Si no hemos disminuido las emisiones de dióxido de carbono, tampoco hemos adaptado nuestra forma de vida y su mueblaje a las nuevas condiciones climáticas que van de las lluvias extremas a las sequías extenuantes, con muchas contrariedades entre unas y otras. Siempre hay urgencias, y lo urgente desplaza lo importante, que se va acumulando hasta que revienta y, entonces, apaciguar sus consecuencias se convierten en la urgencia del día. Un círculo caprichoso.
Los gobiernos, las administraciones locales, regionales y nacionales no han atendido lo importante, aunque la palabra resiliencia es infaltable en sus discursos y declaraciones, junto con sostenibilidad, cambio climático y el tan campechano como mentiroso «no dejaremos a nadie atrás».
La comunidad de Valencia, la propia ciudad y sus habitantes, han sido víctima del Estado español y de la multiplataforma en la que ha devenido la Unión Europea. No son los cientos de litros de agua por litro cuadrado sino la absoluta dejadez, ¿desidia?, que provoca calificar de «incólume», pero que ha actuado como un impune asesino serial. La muertes y los desaparecidos se lamentan, y se les honran con minutos de silencio y lazos negros a la altura del corazón, pero nadie se considera responsable.
Los más atrevidos señalan a los pronosticadores y bomberos, los conformistas culpan a la naturaleza, al clima y al mismo Dios, pero no a quienes siguen pidiendo prórrogas, nuevos plazos y excepciones para seguir lanzando CO2 a la atmósfera, plásticos al mar y alentando un modo de vida insostenible y destructivo.
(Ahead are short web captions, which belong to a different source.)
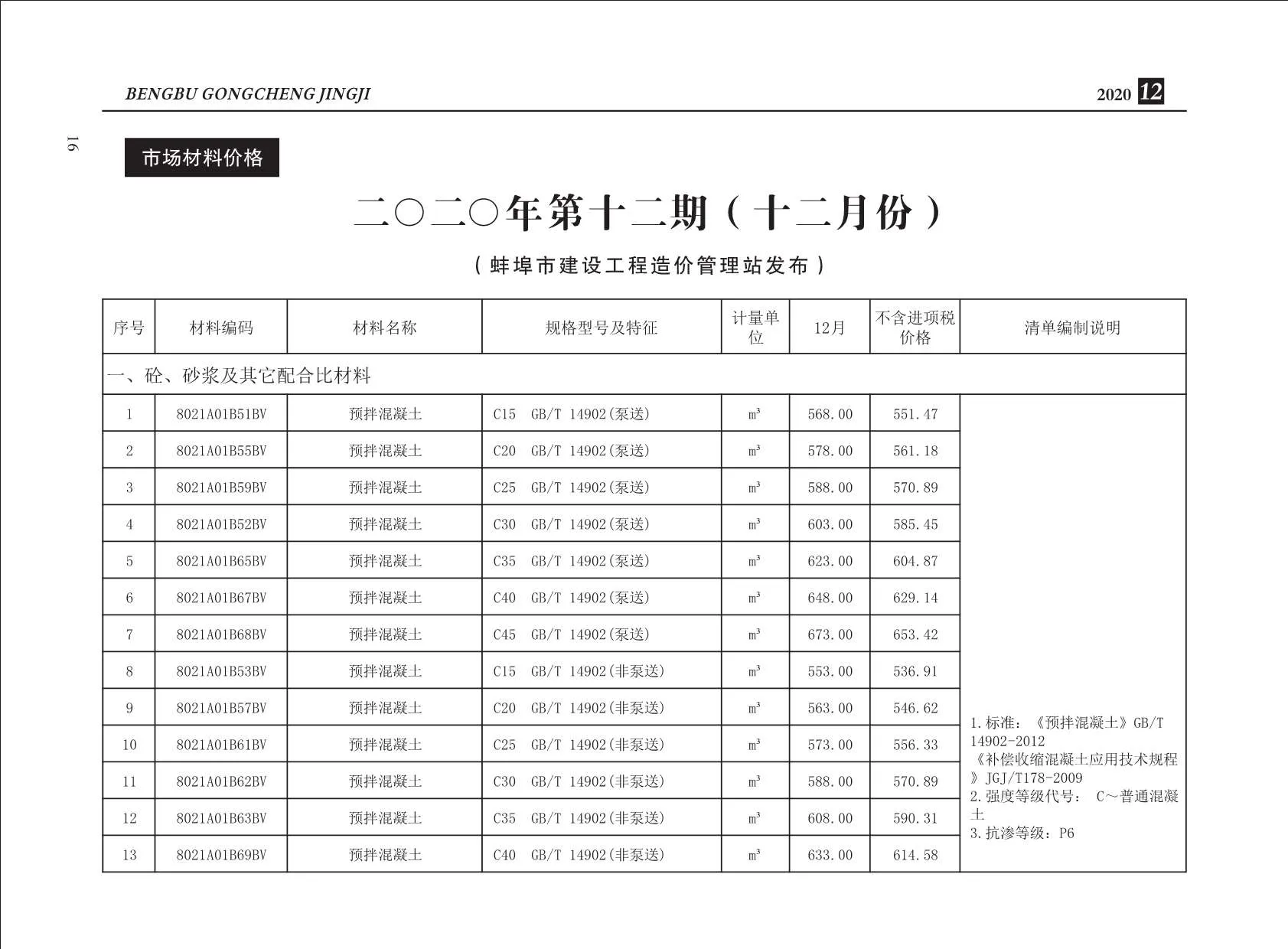蚌埠市2020年12月信息价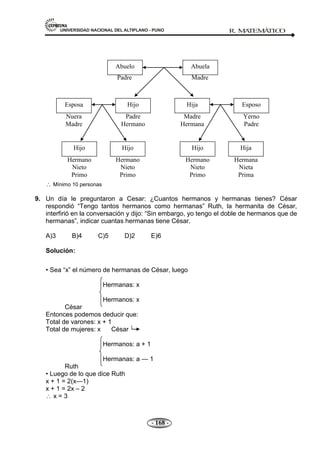 UNIVERSIDAD NACIONAL DEL ALTIPLANO - PUNO R. M
A
TEM
Á
TIC
O
- 168 -
Padre Madre
Nuera
Madre
Padre
Hermano
Madre
Hermana
Yerno
Padre
Hermano
Nieto
Primo
Hermano
Nieto
Primo
Hermano
Nieto
Primo
Hermana
Nieta
Prima
Mínimo 10 personas
9. Un día le preguntaron a Cesar: ¿Cuantos hermanos y hermanas tienes? César
respondió ―Tengo tantos hermanos como hermanas‖ Ruth, la hermanita de César,
interfirió en la conversación y dijo: ―Sin embargo, yo tengo el doble de hermanos que de
hermanas‖, indicar cuantas hermanas tiene César.
A)3 B)4 C)5 D)2 E)6
Solución:
• Sea ―x‖ el número de hermanas de César, luego
Hermanas: x
Hermanos: x
César
Entonces podemos deducir que:
Total de varones: x + 1
Total de mujeres: x César
Hermanos: a + 1
Hermanas: a — 1
Ruth
• Luego de lo que dice Ruth
x + 1 = 2(x—1)
x + 1 = 2x – 2
x = 3
Esposa Hijo Hija Esposo
Abuelo Abuela
Hijo Hijo
Hijo Hija
 
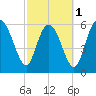 Tide chart for Rockdedundy River (Daymark 185), Georgia on 2024/03/1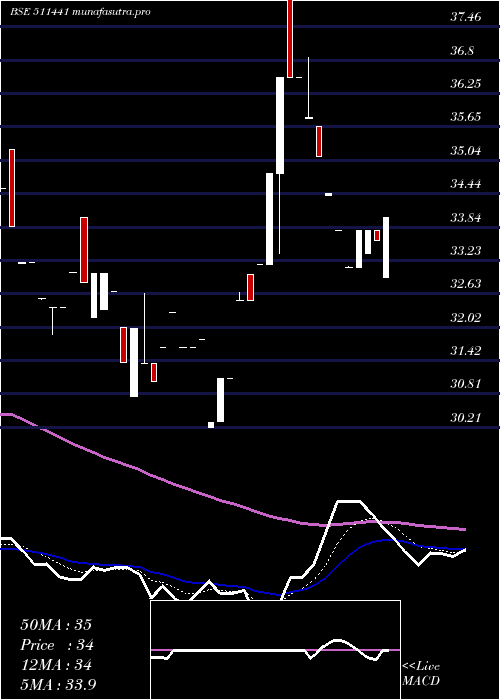 Daily chart GujCredit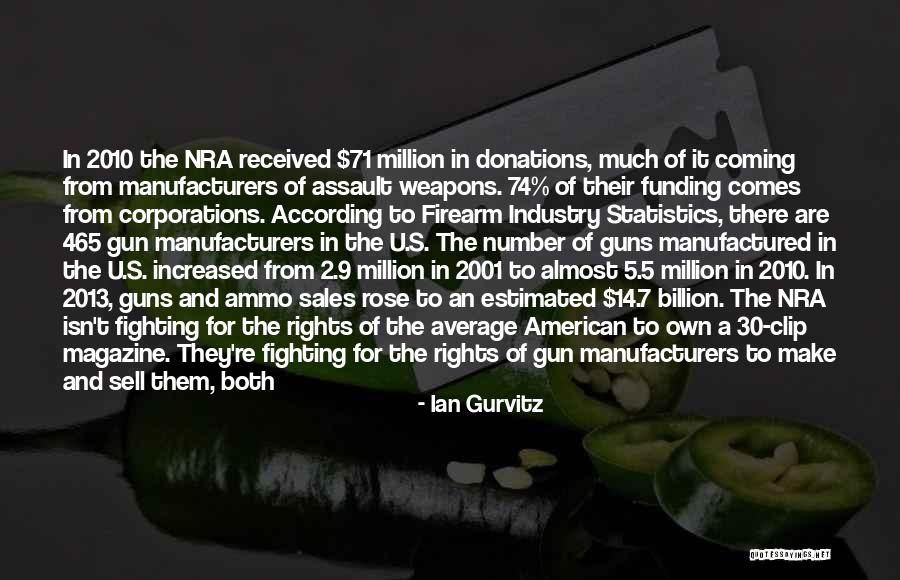 Guns Ammo Quotes By Ian Gurvitz Guns Ammo Quotes By Ian Gurvitz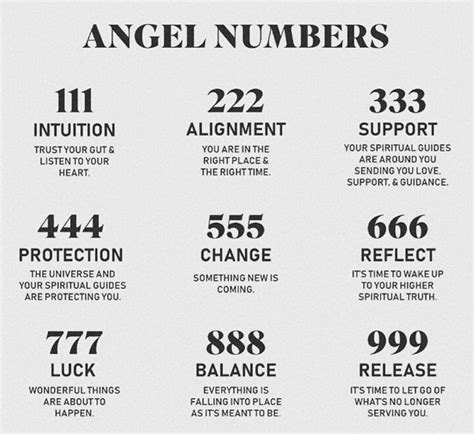 𝔪𝔦𝔫𝔡 𝔬𝔳𝔢𝔯 𝔪𝔞𝔱𝔱𝔢𝔯 On Instagram Angel Numbers And Their Meanings In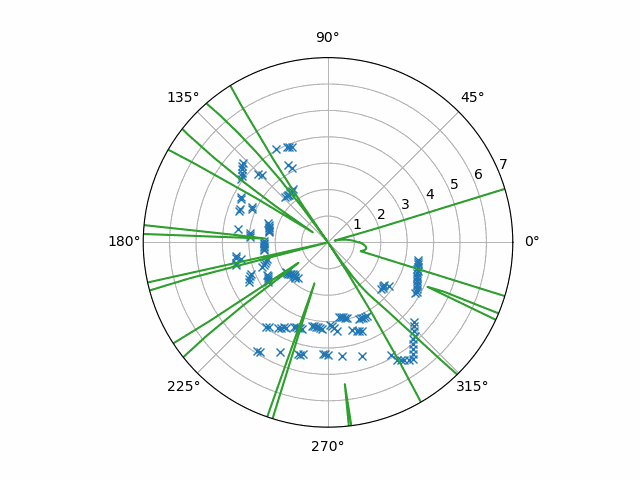 tracking of three moving people in a room anim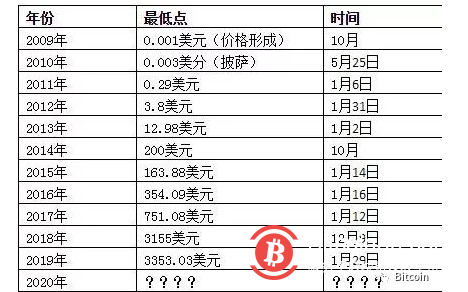 比特币历史价格表2010、比特币历史价格表2010最新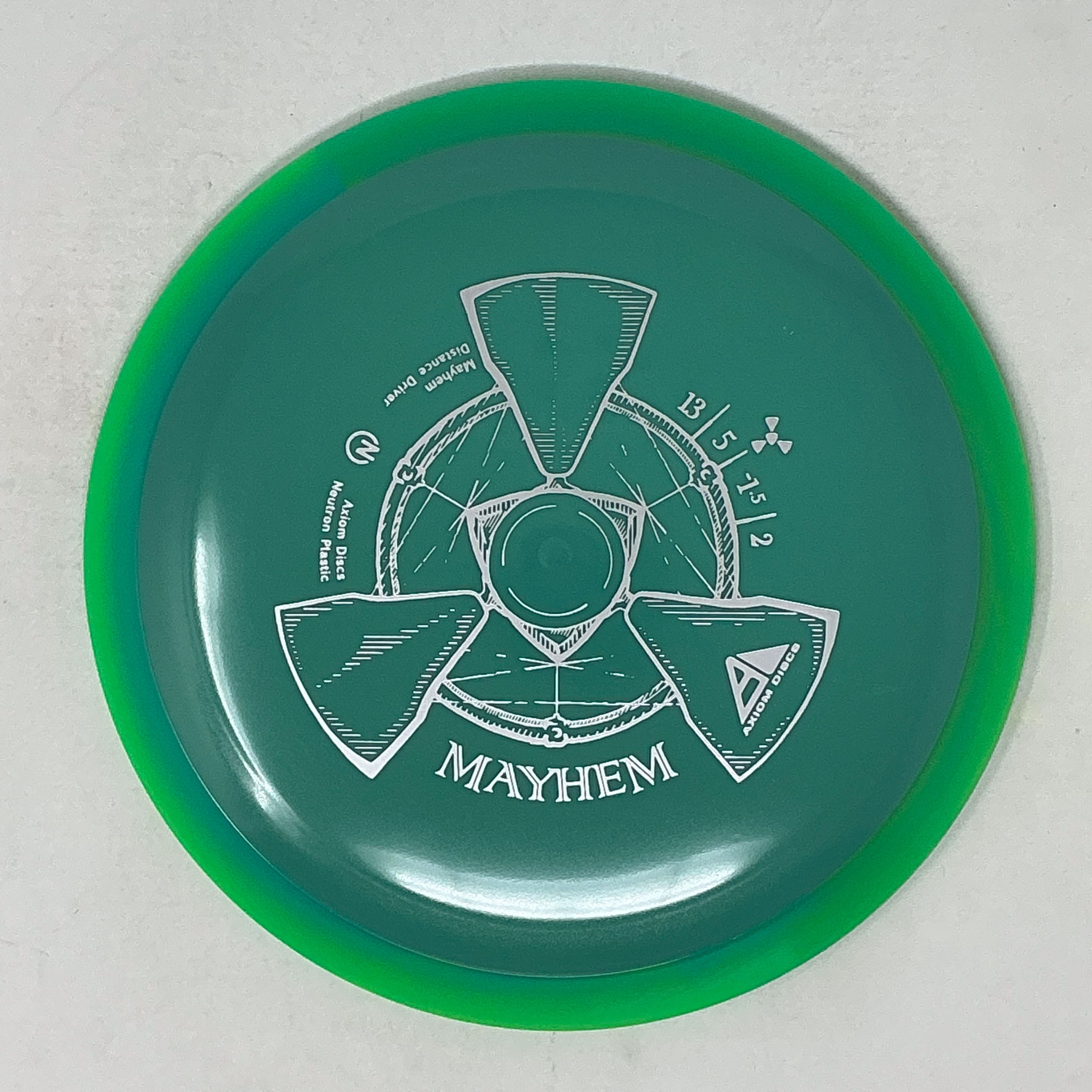 Axiom Neutron Mayhem
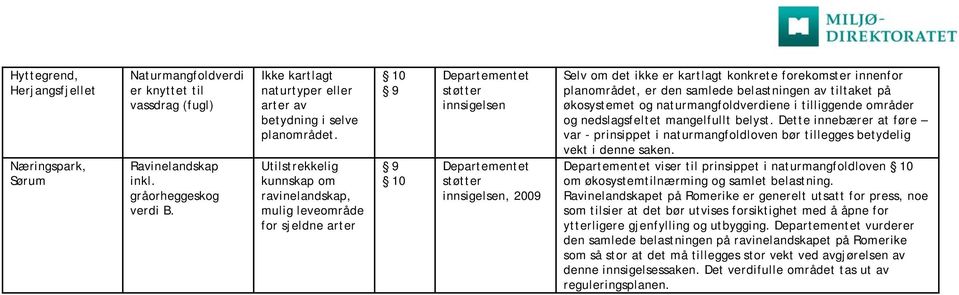 Utilstrekkelig kunnskap om ravinelandskap, mulig leveområde for sjeldne arter 10 9 9 10 Departementet støtter innsigelsen Departementet støtter innsigelsen, 2009 Selv om det ikke er kartlagt konkrete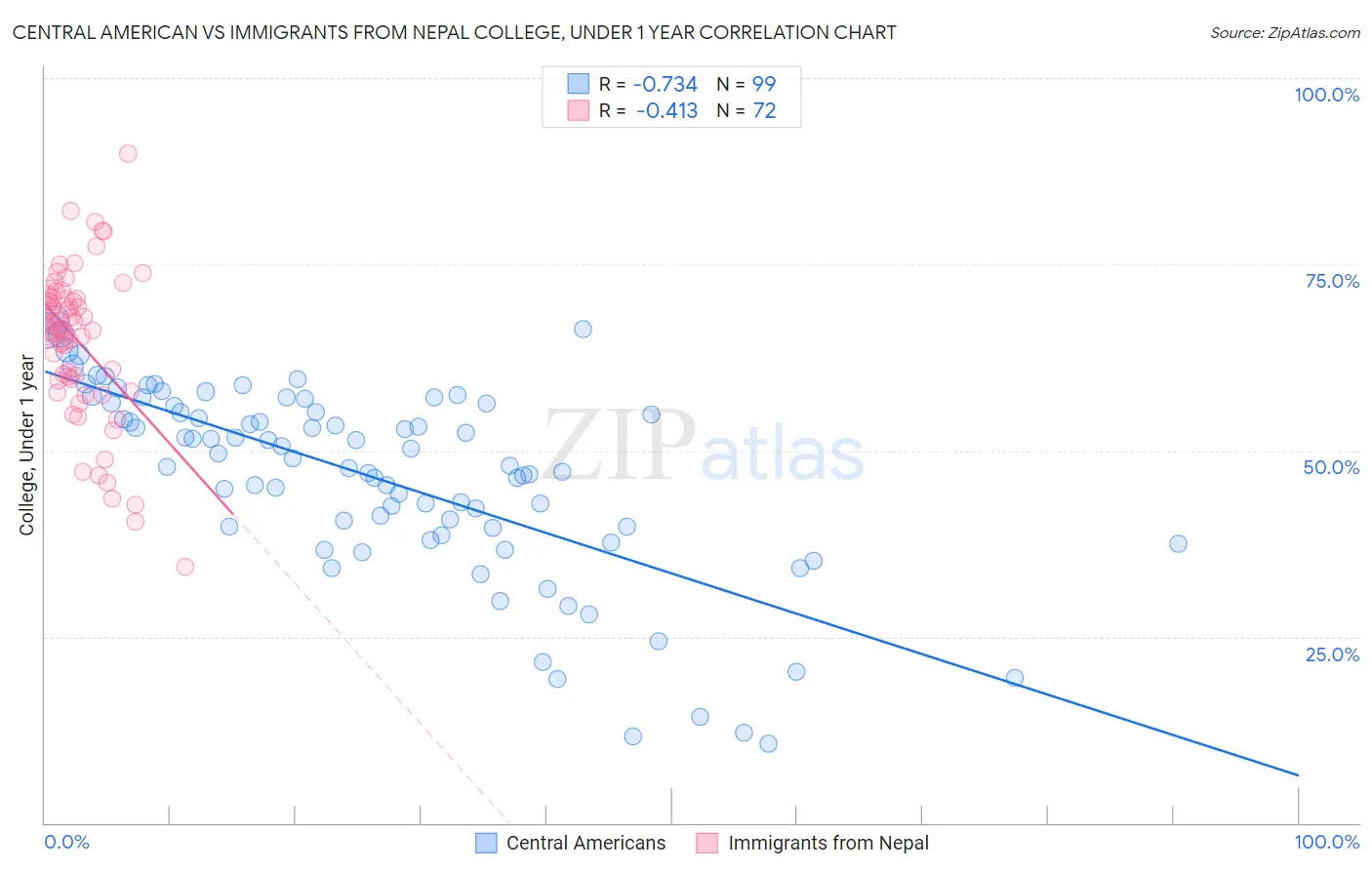 Central American vs Immigrants from Nepal College, Under 1 year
Con el cambio climático y sus consecuencias se ha procedido con la receta más expedita. Dejarlo para después, que sean otros los que resuelvan y se atengan a las consecuencias. Pero se equivocaron, las consecuencias están aquí y no llegaron el martes de esta semana. Ocurrió en Brasil, ocurrió en Alemania, en Polonia, en Italia, en Estados Unidos, también en China y el sudeste asiático. Desde antes del Acuerdo Climático de 2015 se sentía su presencia. ¿Nadie recuerda el deslave que costó miles de vida en Venezuela en 1999?
Como se dice en España en situaciones menos dramáticas, el mundo es un pañuelo. Un estornudo en Malasia puede tener efectos impredecibles en Irlanda o Terranova. Afrontamos una calamidad mundial y cada individuo, sea jefe de Estado, instructor de ballet o taxista tiene la obligación de actuar y evitar que la catástrofe siga creciendo.
Seamos conscientes y activemos la solidaridad para socorrer a los afectados por la DANA, pero ante todos seamos responsables y reordenemos las infraestructuras, desde torrenteras hasta los cauces de los ríos. Lo que tenemos, está visto, no sirve; hay que mejorarlo, cambiarlo, a toda prisa y de la mejor manera. Cambiemos de canal, no sigamos haciendo de la tragedia un espectáculo televisivo de ribetes amarillentos.